Oshakan Monastery – Ashtarak, Armenia

Oshakan Monastery – Ashtarak, Armenia

Oshakan is a village 3 km southeast of the town of Ashtarak. According to a legend, Noah and his family descended from the top of Mount Masis (Ararat) and saw Oshakan freed from the water. At its sight, they exclaimed “Oshakan,” which roughly translates as “Marvel for the eyes.”

Located within the estates of Arshakids (an Armenian royal dynasty), the village of Oshakan was their property.

Mesrop Mashtots, the creator of the Armenian alphabet and founder of the Armenian-language school and literature, is buried in Oshakan.

Mashtots was born in 361/362 in the village of Hatsekats, Taron Province, into a family of a builder named Vardan.

In 394, Mashtots became a priest teacher.
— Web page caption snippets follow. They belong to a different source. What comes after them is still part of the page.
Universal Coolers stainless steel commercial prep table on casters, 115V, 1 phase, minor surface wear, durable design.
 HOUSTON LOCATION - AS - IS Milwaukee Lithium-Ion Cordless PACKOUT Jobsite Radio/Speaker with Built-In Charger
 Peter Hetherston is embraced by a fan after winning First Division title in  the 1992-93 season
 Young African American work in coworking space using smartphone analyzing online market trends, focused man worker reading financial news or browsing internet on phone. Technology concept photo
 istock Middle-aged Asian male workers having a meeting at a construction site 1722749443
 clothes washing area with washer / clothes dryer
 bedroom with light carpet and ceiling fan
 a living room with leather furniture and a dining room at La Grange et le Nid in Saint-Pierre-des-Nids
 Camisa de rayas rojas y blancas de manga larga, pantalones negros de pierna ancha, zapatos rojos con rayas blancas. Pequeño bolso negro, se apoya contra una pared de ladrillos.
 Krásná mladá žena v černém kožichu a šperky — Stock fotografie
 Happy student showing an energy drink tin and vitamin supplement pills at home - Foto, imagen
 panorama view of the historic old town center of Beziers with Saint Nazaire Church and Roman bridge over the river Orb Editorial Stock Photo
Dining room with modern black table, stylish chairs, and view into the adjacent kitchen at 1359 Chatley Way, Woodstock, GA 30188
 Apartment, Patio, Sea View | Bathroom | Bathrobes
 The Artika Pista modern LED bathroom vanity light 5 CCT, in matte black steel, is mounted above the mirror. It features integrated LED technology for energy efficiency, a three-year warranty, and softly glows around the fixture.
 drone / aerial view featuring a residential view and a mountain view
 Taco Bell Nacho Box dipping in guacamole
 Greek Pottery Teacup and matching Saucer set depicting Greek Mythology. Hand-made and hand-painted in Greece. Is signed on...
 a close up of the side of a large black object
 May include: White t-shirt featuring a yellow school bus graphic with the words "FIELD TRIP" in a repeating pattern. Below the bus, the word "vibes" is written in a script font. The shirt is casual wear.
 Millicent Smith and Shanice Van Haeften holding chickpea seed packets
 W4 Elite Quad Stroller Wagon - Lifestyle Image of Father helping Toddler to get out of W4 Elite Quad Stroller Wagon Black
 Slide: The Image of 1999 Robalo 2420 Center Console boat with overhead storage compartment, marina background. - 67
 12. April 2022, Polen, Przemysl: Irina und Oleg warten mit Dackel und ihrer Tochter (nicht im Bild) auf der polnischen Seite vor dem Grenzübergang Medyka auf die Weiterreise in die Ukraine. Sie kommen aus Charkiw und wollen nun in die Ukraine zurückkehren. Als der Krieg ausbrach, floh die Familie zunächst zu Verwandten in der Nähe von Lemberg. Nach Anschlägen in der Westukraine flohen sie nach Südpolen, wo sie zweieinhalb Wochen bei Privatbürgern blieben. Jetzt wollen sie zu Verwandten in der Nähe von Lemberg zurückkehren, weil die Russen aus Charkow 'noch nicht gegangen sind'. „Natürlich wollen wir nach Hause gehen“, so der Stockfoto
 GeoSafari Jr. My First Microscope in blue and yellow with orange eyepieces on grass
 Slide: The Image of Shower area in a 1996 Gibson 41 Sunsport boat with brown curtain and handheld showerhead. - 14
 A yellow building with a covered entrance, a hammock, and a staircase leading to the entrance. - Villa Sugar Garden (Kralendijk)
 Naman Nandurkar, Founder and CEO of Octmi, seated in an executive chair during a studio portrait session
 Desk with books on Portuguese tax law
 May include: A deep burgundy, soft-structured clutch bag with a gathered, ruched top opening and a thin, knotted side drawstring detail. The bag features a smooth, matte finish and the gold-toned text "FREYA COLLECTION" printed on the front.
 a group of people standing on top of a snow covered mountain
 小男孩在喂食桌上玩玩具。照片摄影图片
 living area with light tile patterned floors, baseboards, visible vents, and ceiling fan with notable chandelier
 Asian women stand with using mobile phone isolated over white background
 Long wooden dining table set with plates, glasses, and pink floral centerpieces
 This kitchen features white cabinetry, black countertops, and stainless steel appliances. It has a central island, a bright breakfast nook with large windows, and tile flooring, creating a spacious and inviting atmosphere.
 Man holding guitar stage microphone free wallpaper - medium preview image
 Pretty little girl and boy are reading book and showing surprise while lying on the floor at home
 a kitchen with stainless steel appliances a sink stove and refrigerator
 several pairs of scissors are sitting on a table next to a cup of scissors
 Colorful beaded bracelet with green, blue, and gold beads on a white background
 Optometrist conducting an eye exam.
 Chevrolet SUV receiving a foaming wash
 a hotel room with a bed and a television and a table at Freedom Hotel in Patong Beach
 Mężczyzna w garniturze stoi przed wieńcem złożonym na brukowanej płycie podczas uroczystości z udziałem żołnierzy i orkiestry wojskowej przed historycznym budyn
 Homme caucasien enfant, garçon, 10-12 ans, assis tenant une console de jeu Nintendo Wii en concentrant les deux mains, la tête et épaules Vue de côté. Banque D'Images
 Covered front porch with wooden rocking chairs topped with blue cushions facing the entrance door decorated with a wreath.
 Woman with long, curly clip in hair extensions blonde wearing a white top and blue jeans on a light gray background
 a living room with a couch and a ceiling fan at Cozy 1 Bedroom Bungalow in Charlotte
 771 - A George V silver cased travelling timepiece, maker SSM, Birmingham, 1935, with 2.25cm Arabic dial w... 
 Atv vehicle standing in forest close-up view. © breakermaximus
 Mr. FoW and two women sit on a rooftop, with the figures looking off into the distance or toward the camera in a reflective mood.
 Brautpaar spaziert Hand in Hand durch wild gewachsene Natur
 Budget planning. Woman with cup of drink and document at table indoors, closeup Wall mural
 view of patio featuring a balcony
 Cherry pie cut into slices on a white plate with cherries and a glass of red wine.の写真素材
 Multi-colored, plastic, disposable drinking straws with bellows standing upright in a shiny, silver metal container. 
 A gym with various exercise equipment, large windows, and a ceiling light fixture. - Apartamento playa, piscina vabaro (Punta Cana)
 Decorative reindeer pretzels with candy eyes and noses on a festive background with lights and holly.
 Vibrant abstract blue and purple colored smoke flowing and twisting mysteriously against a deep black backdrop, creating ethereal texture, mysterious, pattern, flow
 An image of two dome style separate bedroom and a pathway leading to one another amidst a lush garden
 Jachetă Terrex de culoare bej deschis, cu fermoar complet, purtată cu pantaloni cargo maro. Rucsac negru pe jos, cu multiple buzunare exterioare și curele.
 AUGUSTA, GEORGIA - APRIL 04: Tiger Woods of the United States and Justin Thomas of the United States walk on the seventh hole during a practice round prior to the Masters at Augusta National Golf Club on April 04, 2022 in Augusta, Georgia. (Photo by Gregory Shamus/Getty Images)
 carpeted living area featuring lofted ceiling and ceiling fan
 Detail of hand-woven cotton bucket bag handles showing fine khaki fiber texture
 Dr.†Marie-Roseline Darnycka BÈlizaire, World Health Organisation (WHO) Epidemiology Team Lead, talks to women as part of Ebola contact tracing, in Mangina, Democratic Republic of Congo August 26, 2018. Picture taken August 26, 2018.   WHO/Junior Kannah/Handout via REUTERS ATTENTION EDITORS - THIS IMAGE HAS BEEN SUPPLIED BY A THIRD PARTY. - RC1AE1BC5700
Accompanied by his students, he preached in various fields and promoted Christian teachings.

Mashtots also translated the Bible into Armenian. His translation is widely considered the best in the world.

After Mashtots’ death, commander Vahan Amatuni and colonel Hmayak Mamikonyan transported his body to Oshakan. Three years later, in 443, Vahan Amatuni built a chapel there. As a sign of deep respect and reverence for Mashtots, Catholicos Hovsep I Hoghotsmetsi instructed Koryun (a student of Mashtots) to write about the life and activity of the great teacher.

In 1875-79, Catholicos Gevorg IV built a church on the site of the old chapel. Under the altar of the church is the crypt of a teacher. A bell tower of cylindrical shape was added to the eastern side of the chapel in 1884.

In Armenian architecture, this structure is unique both in location and design. In the 1960s, artist G. Minasyan created a fresco inside the church, further emphasizing its uniqueness.

A monument was erected at the entrance to Oshakan in 1962 to the 1600th anniversary of Mashtots’ birthday. The monument consists of two plates shaped like a book, and the Armenian alphabet is carved on the left page. Here, international symposiums and seminars are often held – in particular, events for the “Translator’s Day”.